- **Work task**
Print the records exactly as written, and let no picture into the answer.
··· Supplied entries ···
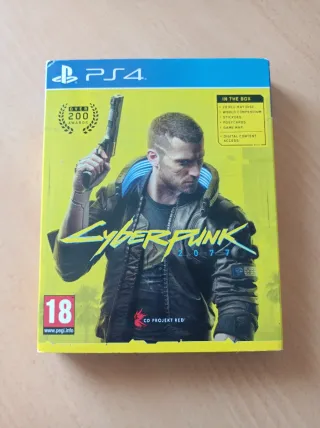 Cyberpunk 2077 PS4 PS5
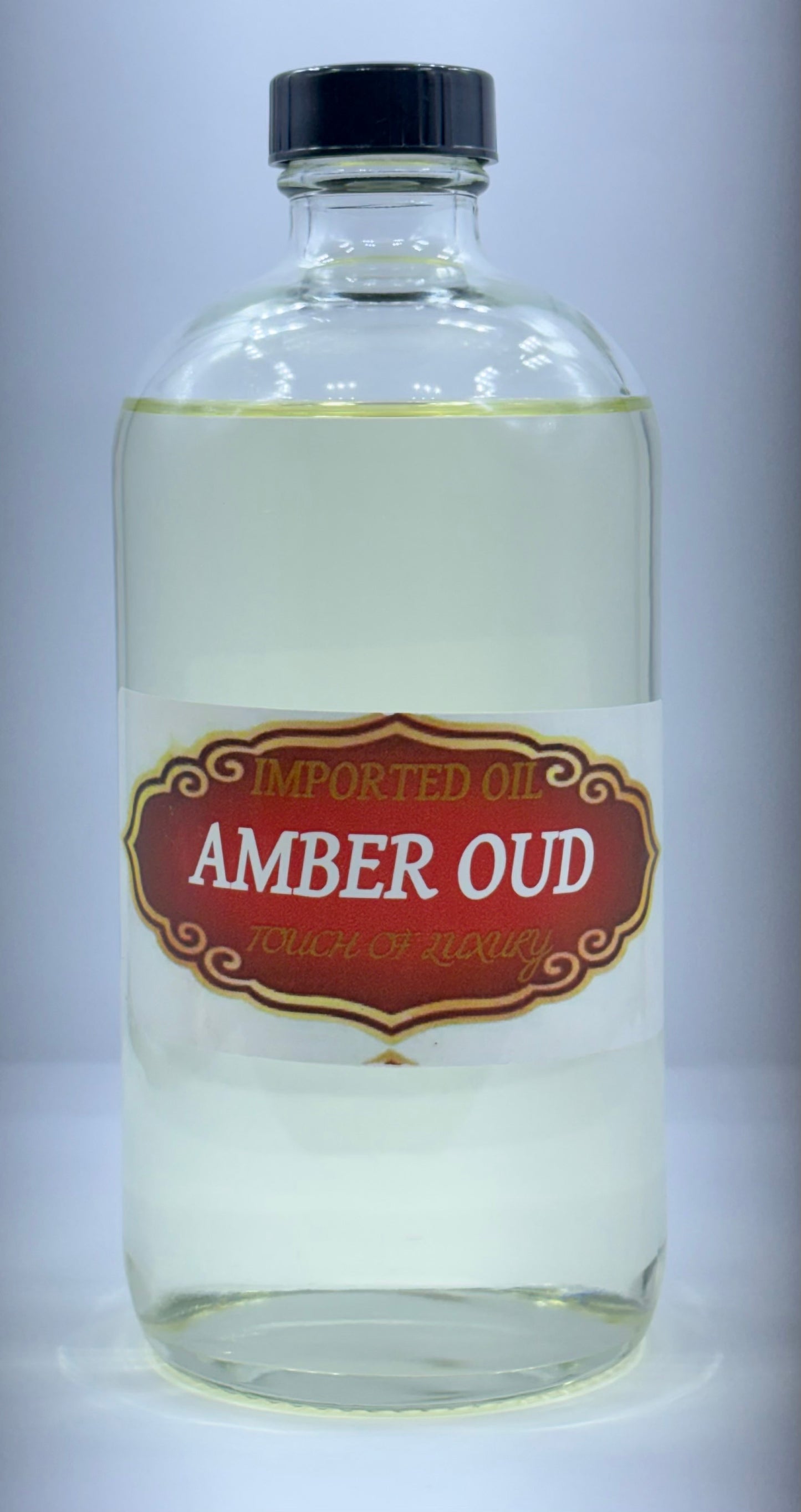 AMBER LIQUID IMPORTED BODY OIL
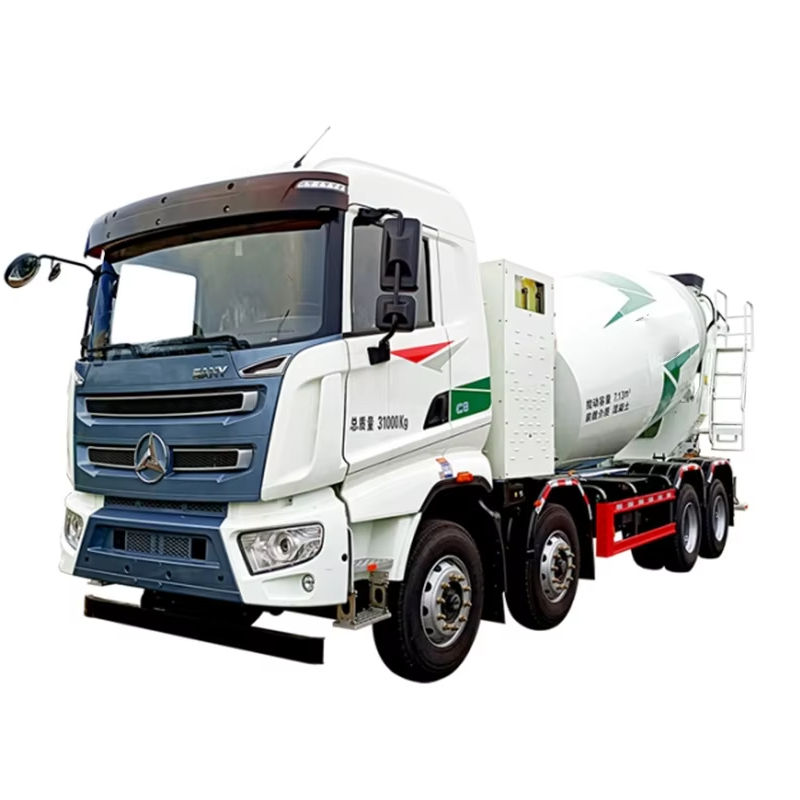 Top Brand New SY412S29S (VI) Concrete Mixer Truck 13900Kg 12m³ 12R22.518PR with High Quality in Stock for Sale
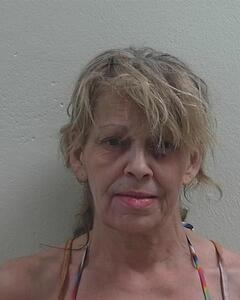 Mugshot of COX, SHERRY E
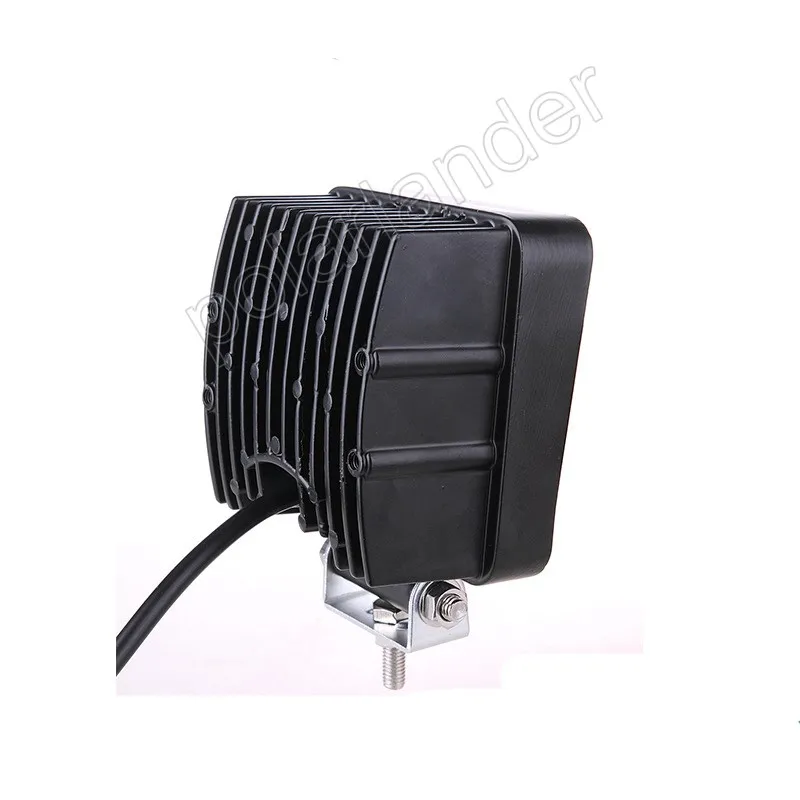 wholesale Offroad 4x4 Truck tractor Boast SUV ATV LED Work light  2pcs40W LED Work light lamp square FLOOD BEAM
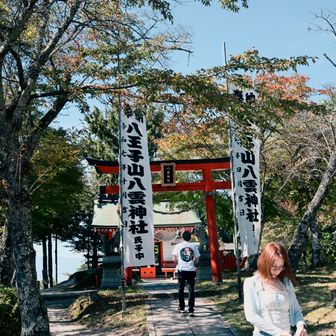 神社出てきた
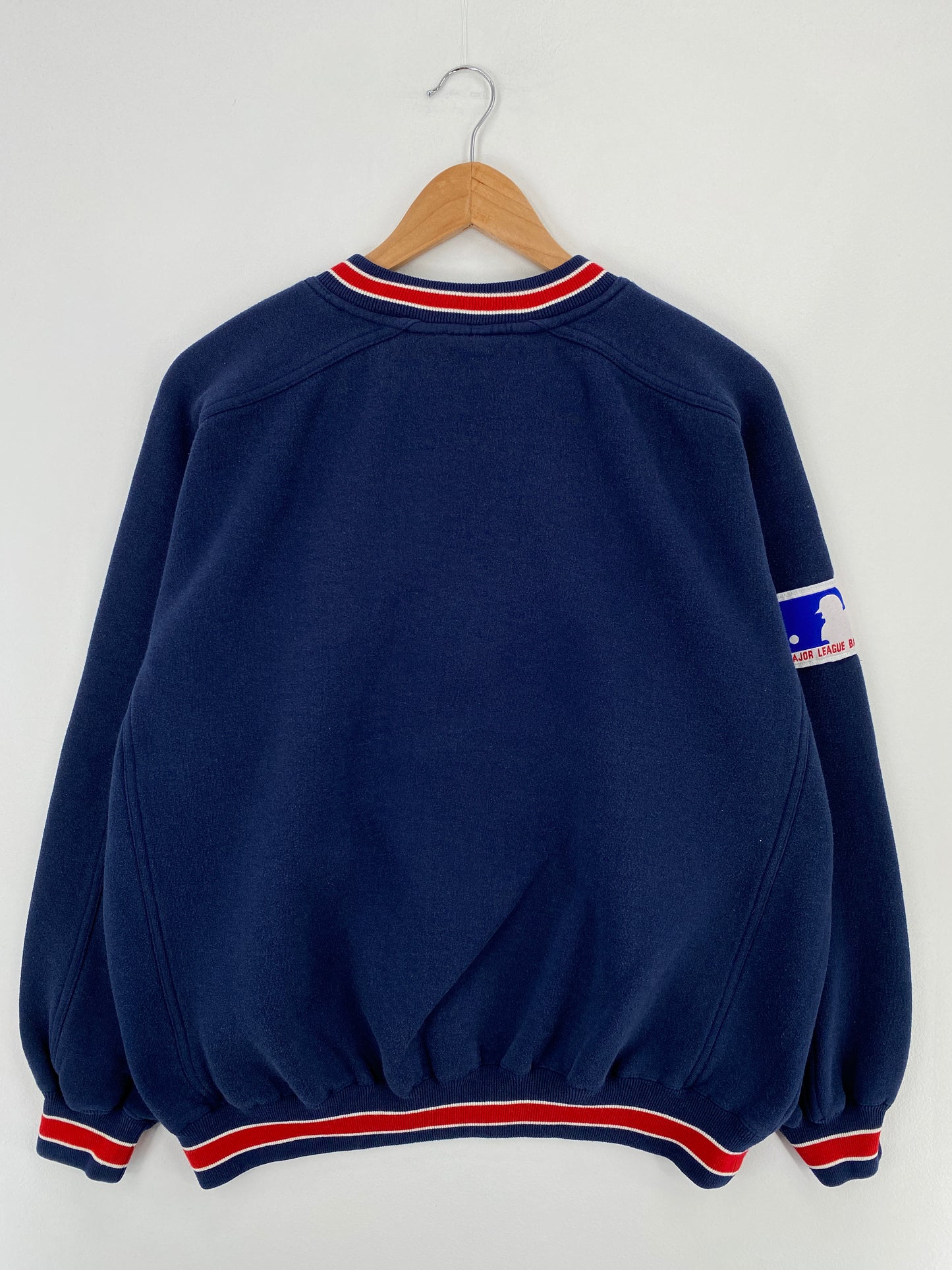 Vintage CLEVELAND INDIANS Size L MLB Sweat-shirt / E234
···
- **Worked solution**
 Cyberpunk 2077 PS4 PS5
 AMBER LIQUID IMPORTED BODY OIL
 Top Brand New SY412S29S (VI) Concrete Mixer Truck 13900Kg 12m³ 12R22.518PR with High Quality in Stock for Sale
 Mugshot of COX, SHERRY E
 wholesale Offroad 4x4 Truck tractor Boast SUV ATV LED Work light  2pcs40W LED Work light lamp square FLOOD BEAM
 神社出てきた
 Vintage CLEVELAND INDIANS Size L MLB Sweat-shirt / E234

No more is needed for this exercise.